(Task details):
What is needed is a word-for-word copy of all the entries, minus the pictures.
Start of Input
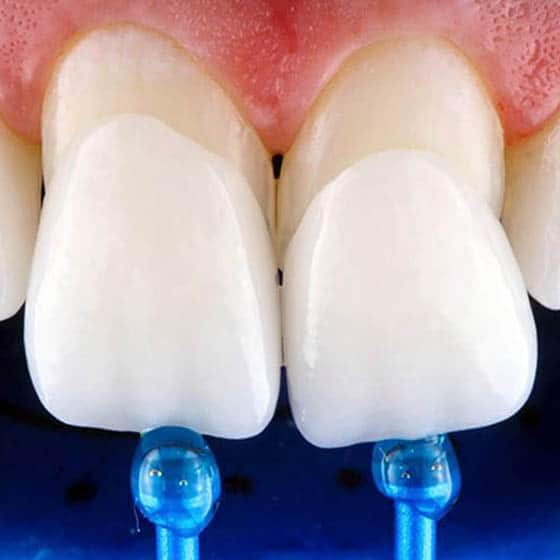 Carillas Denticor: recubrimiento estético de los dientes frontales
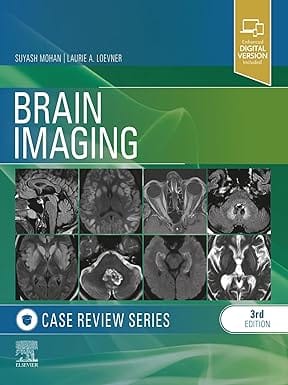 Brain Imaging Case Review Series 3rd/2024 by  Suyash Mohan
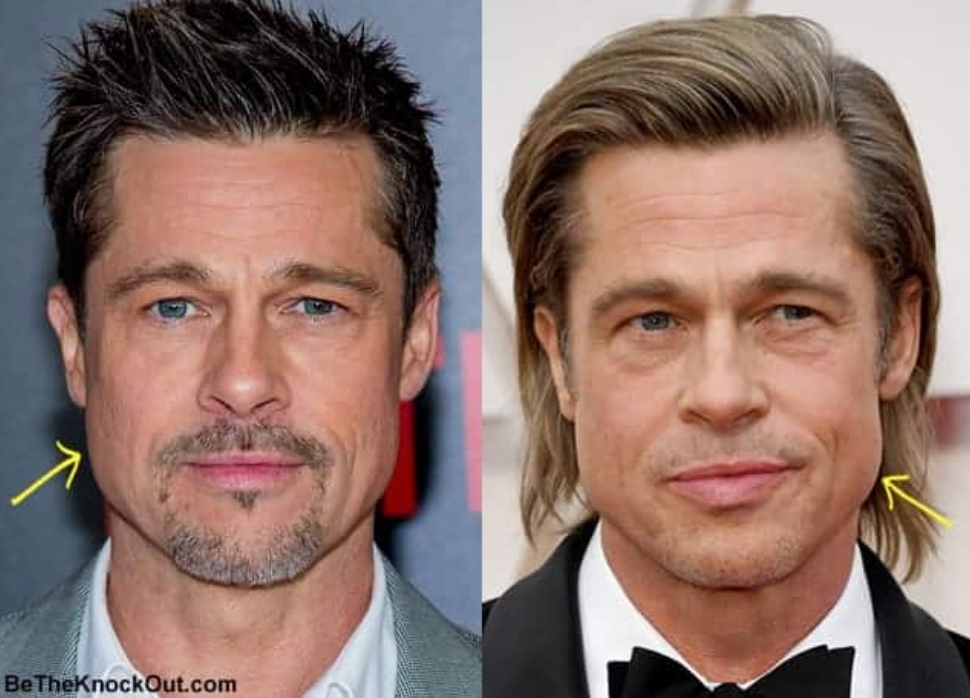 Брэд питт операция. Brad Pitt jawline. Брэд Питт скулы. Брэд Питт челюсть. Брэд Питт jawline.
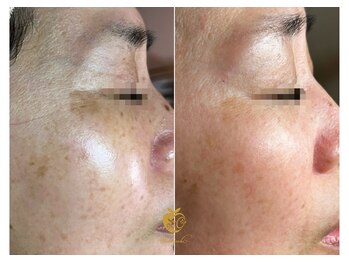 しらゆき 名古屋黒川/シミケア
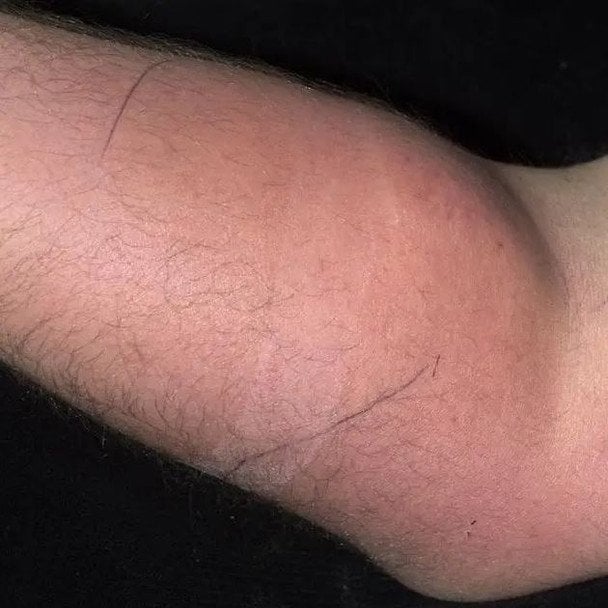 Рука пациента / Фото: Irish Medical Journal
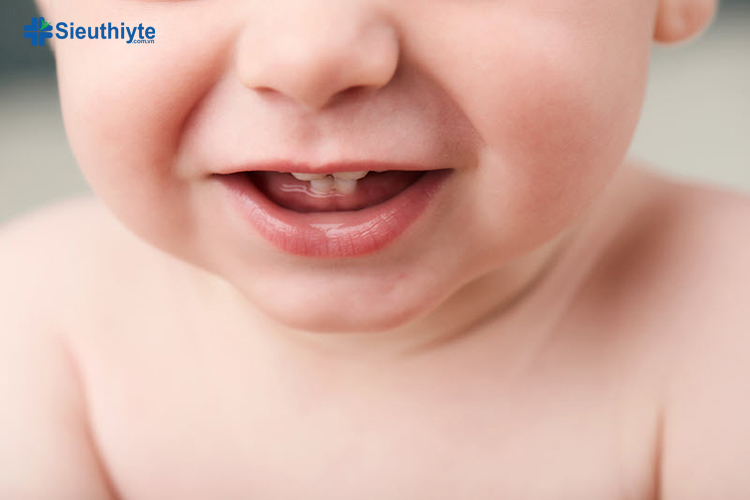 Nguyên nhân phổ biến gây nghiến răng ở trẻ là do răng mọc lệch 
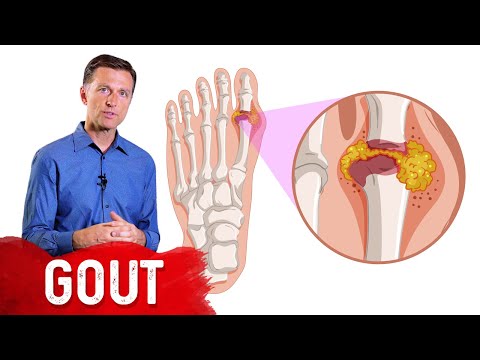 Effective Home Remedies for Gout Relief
End of Input
(Task solution):
 Carillas Denticor: recubrimiento estético de los dientes frontales
 Brain Imaging Case Review Series 3rd/2024 by  Suyash Mohan
 Брэд питт операция. Brad Pitt jawline. Брэд Питт скулы. Брэд Питт челюсть. Брэд Питт jawline.
 しらゆき 名古屋黒川/シミケア
 Рука пациента / Фото: Irish Medical Journal
 Nguyên nhân phổ biến gây nghiến răng ở trẻ là do răng mọc lệch 
 Effective Home Remedies for Gout Relief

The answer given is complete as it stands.